Intervention de Jean-Pierre Maggi

Séance en hémicycle du 23 juillet 2015 à 15h00
Adaptation de la procédure pénale au droit de l'union européenne — Discussion générale

Photo issue du site de l'Assemblée nationale ou de WikipediaJean-Pierre Maggi :

Monsieur le président, madame la ministre, monsieur le secrétaire d’État, monsieur le président de la commission des lois, monsieur le rapporteur, chers collègues, nous sommes réunis aujourd’hui pour la lecture définitive du projet de loi portant adaptation de la procédure pénale au droit de l’Union européenne.

Afin de nous intégrer efficacement à l’espace pénal européen, il est nécessaire d’adopter ce texte, qui répond à deux objectifs : nous mettre en conformité avec nos engagements européens et actualiser notre procédure pénale.

La transposition dans notre droit national de l’ensemble des dispositions européennes qui s’imposent à nous relève maintenant de l’urgence. Il s’agit des décisions-cadres du 30 novembre 2009, du 27 novembre 2008 et du 23 octobre 2009, mais également des directives du 13 décembre 2011 et du 25 novembre 2013. Ces règles européennes auraient dû être respectivement transposées avant le 6 décembre 2011, le 15 juin 2012 et le 1er décembre 2012. Nous avons également dépassé le délai pour l’une des directives, qui aurait dû être transposée au plus tard le 21 décembre 2013.

Par ailleurs, ce projet de loi vise trois grands objectifs destinés à intégrer la France dans l’espace pénal européen et adapter ainsi notre procédure pénale aux législations en vigueur chez nos voisins.

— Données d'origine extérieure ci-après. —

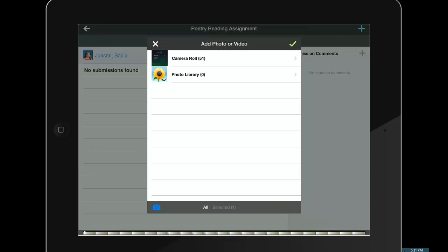When ready, the student will tap the red record button and recite her poem. When done, she taps the red stop button. She can push the triangle to preview the recording. She can retake the recording if she doesn't like it, or if she's happy with it, she will choose Use Video to turn in this recording.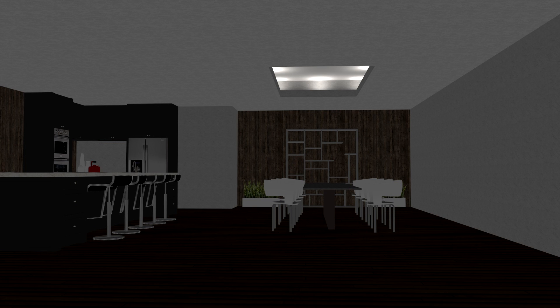So if you want to create a natural feel and you don't have access to windows or you can't actually add windows to your model then cove lighting is a really good solution. But as you can see the model is still kind of dark.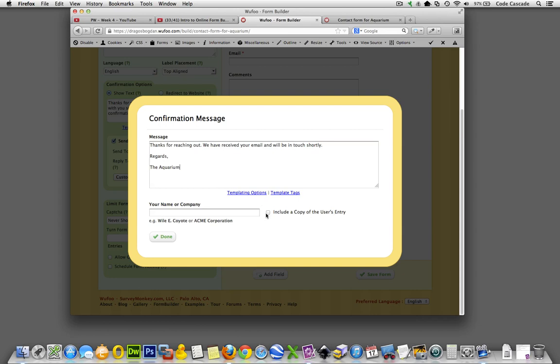We'll be in touch shortly. Okay, regards, the aquarium. Okay, cool. And then include a copy of the users entries, you could do that. This is going to include what they actually submitted in the form, you could or could not. And I guess your name or company could put that in there too, which I think this is going to be what shows up in the email name. This is what it's going to be.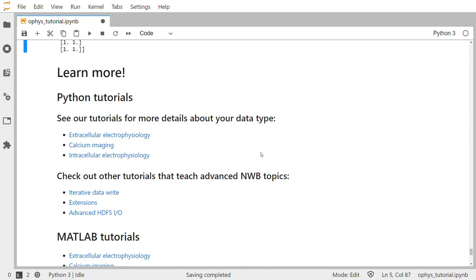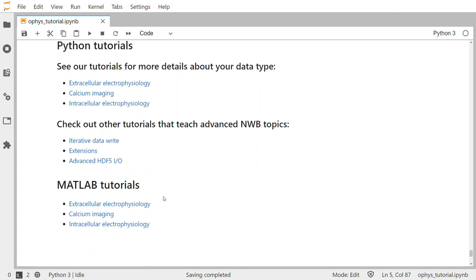To learn more about PyNWB and NWB in general, go to nwb.org. To see our other tutorials for extracellular electrophysiology and intracellular electrophysiology, check out the links in the notebook. We also have more advanced tutorials and tutorials for the MATLAB side. Thanks, and we'll see you next time.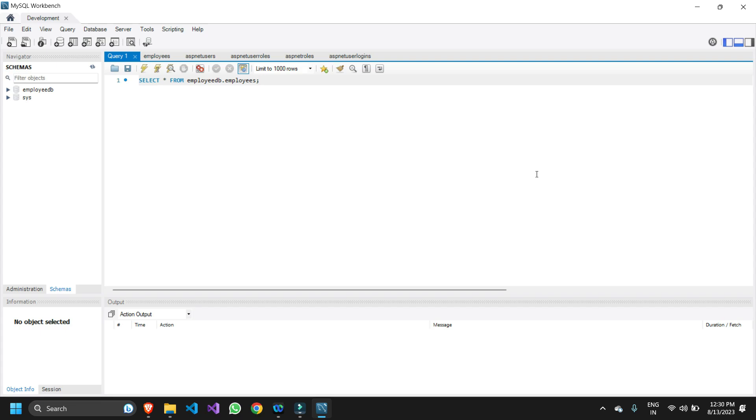In today's video we're going to quickly look at the steps by which you can export any sort of table data into an Excel file. Let me show you how you can do it quickly.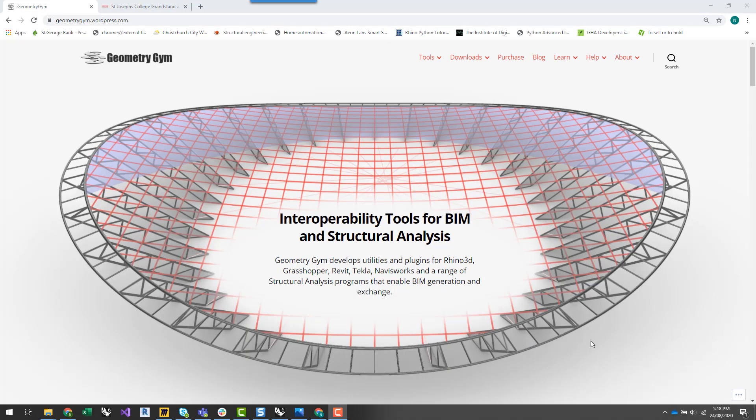I'm also going to give some insight into how I would typically go about starting a new parametric structural project in Rhino and Grasshopper, and the steps I would typically take before I even open Rhino and Grasshopper to understand the logic behind how I'll build the geometry.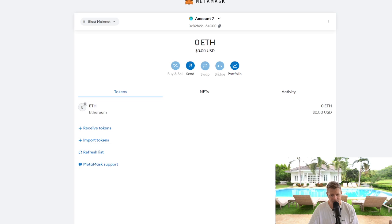So it's as simple as that to add Blast Network to your MetaMask wallet. Now there are links in the description of the video for all the different networks, so you can add each and every single one to your MetaMask wallet.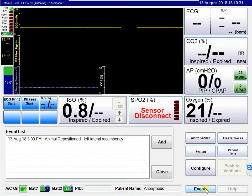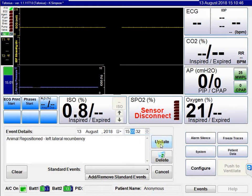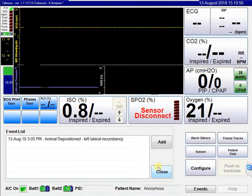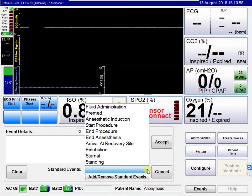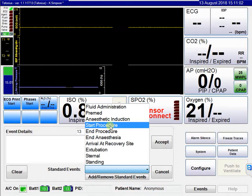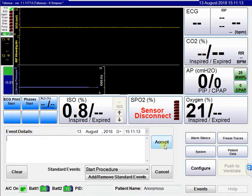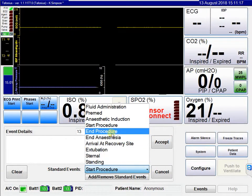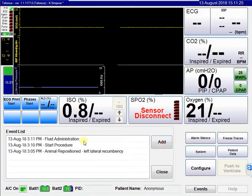You can come back into the events list and update an event — for example, changing the time if you entered it retrospectively, so it actually happened five minutes ago. You can also add another event. Standard events are available, such as start procedure and fluid administration. Accepting these adds them to the events list in order.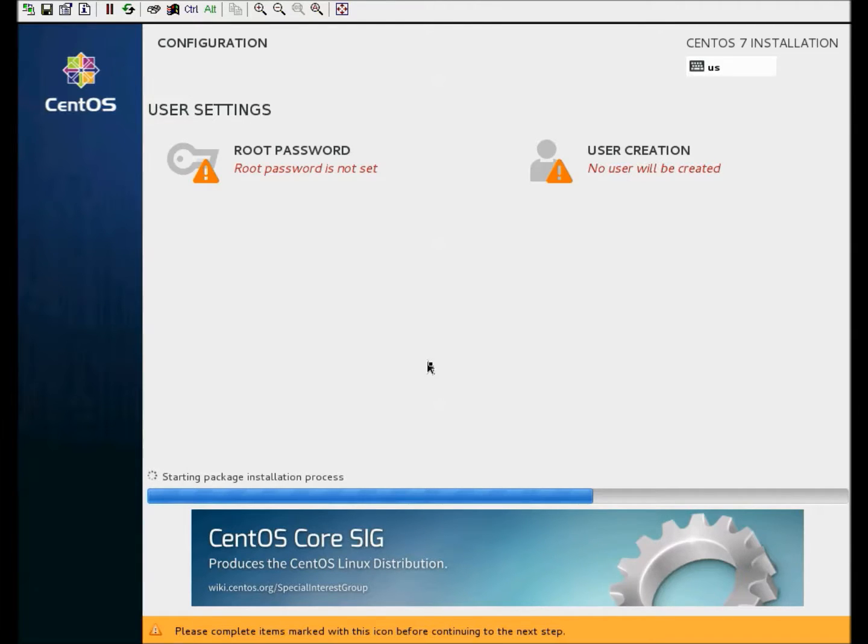Here you can add users if you'd like at this time. I'd highly recommend doing the root password, which we'll do right now.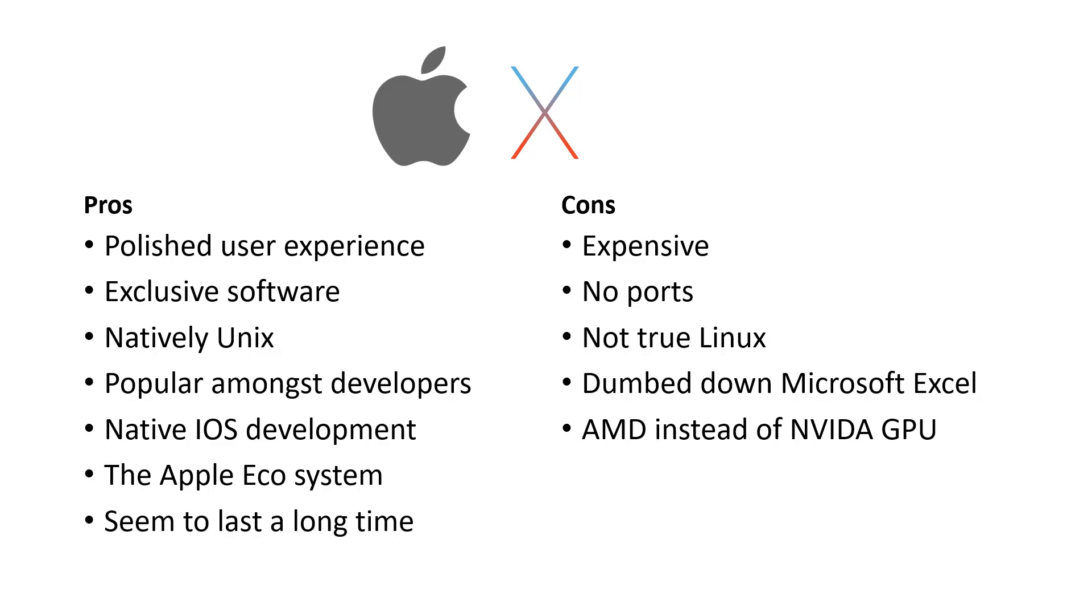Now some of the cons for Apple computers is well first of all they can be sort of expensive. Secondly one of the things that's a little bit annoying is the fact that they have no ports on them. So every time you want to plug in a monitor or a projector to your computer having to find a dongle around is a little bit annoying. Another thing worth noting is that it's technically not true Linux. Now as mentioned it is based on Unix so it is actually pretty compatible. However there are a few OSX specific things that have been implemented which are not fully Linux compatible. So if you are using some of those then you are still going to have a few compatibility issues.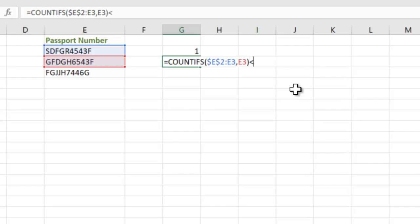Now we had put less than equal to 1 as the condition. What would this mean? That it is going to allow only the count up to 1. So either 0 or 1. If it is more than 1 it is going to reject it. Hence it is able to identify if it is a duplicate and reject it.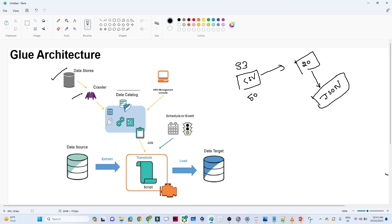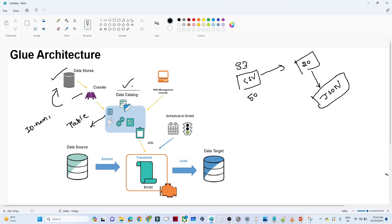The second component is the crawler. What does the crawler do? It goes to your Amazon S3, scans your data, and whatever the schema of your data is, it stores that into a data catalog. The data catalog contains all your table definitions, job definitions, and all kinds of metadata information. For example, when the crawler scans a CSV file and finds columns like ID, name, and salary, it detects all that metadata and stores it into the data catalog.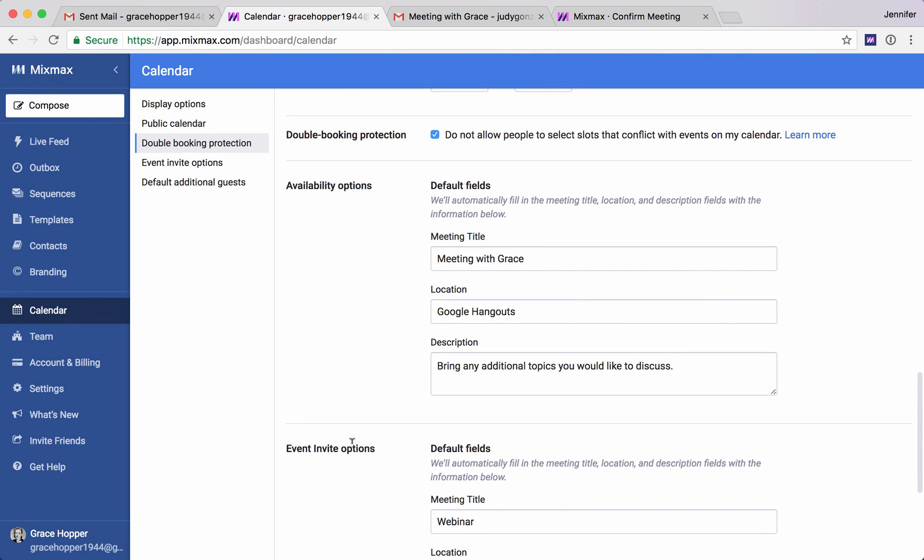So there's plenty here to explore and now you know everything you need to know to be able to schedule meetings instantly.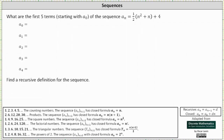What are the first five terms starting with a sub zero of the sequence a sub n equals one half times the quantity n squared plus n plus four? Because we're given the closed formula for the sequence, to determine each term we need to substitute the value of n given by each index.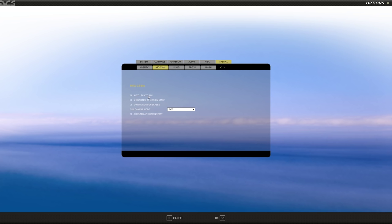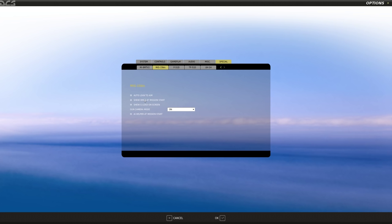I have one option enabled called auto lean to aim — when I have the gun ready to fire it's going to align my head with the gun sight. I'll also enable show hints at mission start just so we can figure out what all this stuff means. Show G-load on screen I'll enable for now. Gun camera mode is off — I have no idea what it does but I'm going to turn it on for this first mission. There's also an AI helper at mission start which I'm also going to enable. There's no harm since I'm just taking the aircraft up to set controls anyway.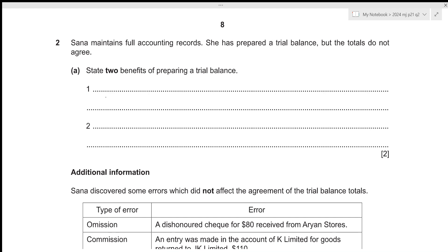In this video, we'll be going over A-Level Accounting 2024, June, Paper 2-1, Question No. 2. This is Paper 2, which consists of 4 questions — 2 of them will be of 30 marks and 2 of them will be of 15 marks. The total time limit for this paper is 1 hour and 45 minutes.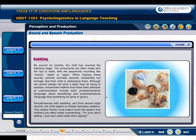By around six months, the child has reached the babbling stage. The consonants are often made with the lips or teeth, with sequences sounding like mama, dada, or papa. When hearing these sounds, parents normally assume, affectionately but wrongly, that their child is addressing them. Although we cannot always tell what a baby may be trying to express, researchers believe that these early attempts at communication include both proto-declaratives — language about something — and proto-imperatives — language that something will be done or given.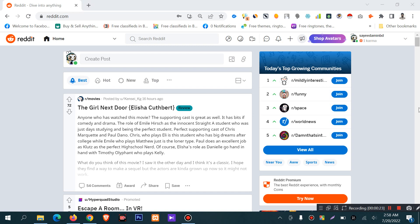First of all, you have to log in to your account. I have already logged into my account, so I can create my post.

Le premier objectif est d’éviter que des poursuites parallèles soient menées dans des États membres au sujet des mêmes faits et des mêmes personnes. Il s’inscrit dans le respect du principe juridique selon lequel nul ne peut être jugé deux fois pour les mêmes infractions, que l’on retrouve à l’article 50 de la Charte des droits fondamentaux. Ainsi, pour prévenir ces « doublons juridiques », le texte prévoit dans son article 1er des mesures d’échanges d’informations entre les autorités poursuivantes des différents États.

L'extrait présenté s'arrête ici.